Former President Donald Trump on Wednesday visited the site of a train derailment, criticizing President Joe Biden’s administration’s handling of the railway disaster that spewed toxic chemicals in East Palestine, Ohio, 19 days earlier.
His trip to one of the most conservative regions of the deep-red state came with many of the hallmarks of a presidential visit, as Trump sought to contrast himself with Biden – who on Monday made a historic war zone trip to Ukraine’s capital.
As he visited Little Beaver Creek, an Ohio River tributary near the derailment site, Trump said he thinks it is “terrible” that Biden has not yet visited the site of the February 3 derailment.
“You are not forgotten,” Trump said as he stood alongside a small group of local officials, including Republican Sen. J.D. Vance, and first responders after a briefing at a fire station.
The former president’s Ohio trip came as the 2024 GOP presidential race begins to take shape, with intra-party rivals lining up to take on Trump. Other Republicans have also criticized Biden’s response to the derailment near the Ohio-Pennsylvania border.
“During any time of crisis, go to your people immediately,” former United Nations ambassador Nikki Haley said Tuesday at a campaign stop in Iowa.

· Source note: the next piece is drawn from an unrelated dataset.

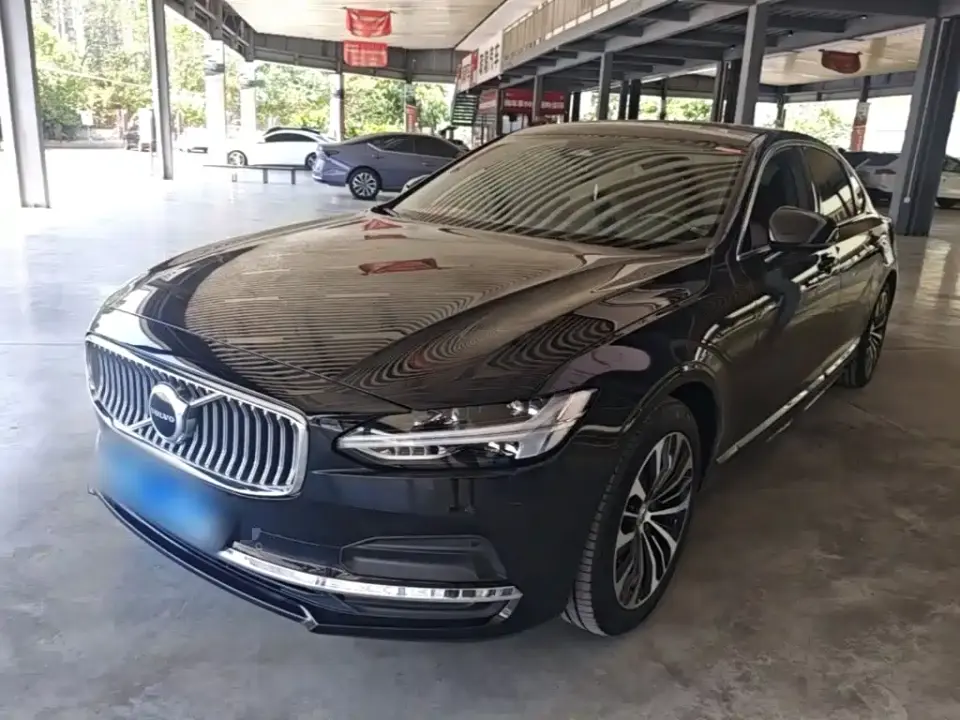 Volvo S90 B5 Zhiyi Luxury Edition 2024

Amid the increasingly pitched battle between Democrats and Republicans over whether the government has done enough to help the Ohio town, Trump sought to take credit for the escalating federal response, saying Wednesday that the announcement of his visit “opened up the dam.”
He said the Federal Emergency Management Agency’s announcement last week that it was deploying teams to the area should have come “two weeks earlier, or at least a week earlier.”
Trump also said he had helped coordinate the delivery of thousands of water bottles to the area – some with “Trump” logos on them, coming from the former president’s hotel properties. He said some of the water had come on the plane he had flown from Florida on Wednesday.
“If they don’t come back and give you the treatment that you need, we will come back,” Trump said.
The derailment of the Norfolk Southern train carrying toxic chemicals has become a political flashpoint – and Trump’s decision to travel to East Palestine has also focused new attention on his own administration’s policies that encouraged the deregulation of the rail industry.
Trump ended a 2015 Obama-era regulation mandating for trains carrying “large volumes of flammable liquids” like crude oil to have advanced brakes and speed restrictions – put in place after a number of deadly derailments.
“A lot of the folks who seem to find political opportunity there are among those who have sided with the rail industry again and again and again, as they have fought safety regulations on railroads and hazmat, tooth and nail,” said Transportation Secretary Pete Buttigieg, who announced Wednesday he will visit the site of the derailment Thursday. “If people are going to find religion about rail regulation, sometimes for the first time, I welcome that.”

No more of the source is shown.